START MATERIAL FOR THE TASK
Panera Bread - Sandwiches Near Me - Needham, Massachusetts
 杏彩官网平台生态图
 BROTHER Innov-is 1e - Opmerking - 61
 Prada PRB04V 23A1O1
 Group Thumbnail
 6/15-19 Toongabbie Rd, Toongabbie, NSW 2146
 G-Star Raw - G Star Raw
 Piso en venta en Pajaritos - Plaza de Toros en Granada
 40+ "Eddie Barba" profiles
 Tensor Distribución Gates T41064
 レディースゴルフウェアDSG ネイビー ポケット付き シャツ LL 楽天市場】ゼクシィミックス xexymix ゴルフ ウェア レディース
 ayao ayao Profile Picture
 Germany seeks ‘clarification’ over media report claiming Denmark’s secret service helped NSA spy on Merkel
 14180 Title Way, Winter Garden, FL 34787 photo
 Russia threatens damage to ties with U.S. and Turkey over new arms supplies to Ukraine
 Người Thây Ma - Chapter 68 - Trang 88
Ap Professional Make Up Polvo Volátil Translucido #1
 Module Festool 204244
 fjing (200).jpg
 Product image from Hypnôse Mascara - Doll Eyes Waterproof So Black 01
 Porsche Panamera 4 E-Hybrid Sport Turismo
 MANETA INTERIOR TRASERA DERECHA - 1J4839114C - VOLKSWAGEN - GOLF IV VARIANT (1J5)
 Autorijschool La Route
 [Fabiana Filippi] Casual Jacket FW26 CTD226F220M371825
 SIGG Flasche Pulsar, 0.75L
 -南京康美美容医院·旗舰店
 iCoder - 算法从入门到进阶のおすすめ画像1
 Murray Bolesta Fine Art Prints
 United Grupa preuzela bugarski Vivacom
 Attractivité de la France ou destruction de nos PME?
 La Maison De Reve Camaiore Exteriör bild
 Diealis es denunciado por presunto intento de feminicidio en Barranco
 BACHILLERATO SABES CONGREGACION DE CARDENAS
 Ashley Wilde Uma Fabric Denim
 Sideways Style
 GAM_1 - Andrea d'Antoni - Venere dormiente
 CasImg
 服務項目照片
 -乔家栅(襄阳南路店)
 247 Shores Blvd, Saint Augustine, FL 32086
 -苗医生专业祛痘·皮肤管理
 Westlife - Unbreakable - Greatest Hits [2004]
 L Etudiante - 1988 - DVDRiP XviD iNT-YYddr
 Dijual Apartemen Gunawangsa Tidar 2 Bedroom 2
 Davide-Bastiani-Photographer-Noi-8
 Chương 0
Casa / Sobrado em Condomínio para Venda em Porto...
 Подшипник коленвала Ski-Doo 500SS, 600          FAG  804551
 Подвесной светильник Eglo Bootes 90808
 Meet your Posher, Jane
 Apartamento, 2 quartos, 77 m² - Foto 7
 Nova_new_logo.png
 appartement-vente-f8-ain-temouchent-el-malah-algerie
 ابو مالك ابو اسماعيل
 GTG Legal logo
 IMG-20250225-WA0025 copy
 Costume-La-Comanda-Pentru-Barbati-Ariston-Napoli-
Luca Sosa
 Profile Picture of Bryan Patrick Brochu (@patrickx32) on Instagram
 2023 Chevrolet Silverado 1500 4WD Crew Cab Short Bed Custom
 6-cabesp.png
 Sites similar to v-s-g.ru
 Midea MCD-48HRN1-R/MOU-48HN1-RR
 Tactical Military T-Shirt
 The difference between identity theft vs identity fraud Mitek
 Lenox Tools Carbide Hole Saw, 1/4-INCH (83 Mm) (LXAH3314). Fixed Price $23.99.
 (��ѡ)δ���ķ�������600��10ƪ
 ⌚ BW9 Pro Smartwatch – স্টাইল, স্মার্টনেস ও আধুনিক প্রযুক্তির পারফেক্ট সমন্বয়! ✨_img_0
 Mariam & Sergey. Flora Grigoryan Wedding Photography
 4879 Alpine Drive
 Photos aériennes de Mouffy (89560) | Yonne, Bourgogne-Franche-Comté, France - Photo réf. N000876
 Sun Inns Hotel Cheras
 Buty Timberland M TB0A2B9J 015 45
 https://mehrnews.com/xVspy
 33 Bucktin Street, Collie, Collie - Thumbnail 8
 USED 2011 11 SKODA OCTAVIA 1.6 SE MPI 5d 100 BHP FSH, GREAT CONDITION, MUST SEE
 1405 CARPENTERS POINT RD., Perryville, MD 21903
END MATERIAL FOR THE TASK
- _BRIEF_:
Check each line of the material for "Picture". Copy the ones that have it.

- _WRITTEN REPLY_:
 ayao ayao Profile Picture
 Profile Picture of Bryan Patrick Brochu (@patrickx32) on Instagram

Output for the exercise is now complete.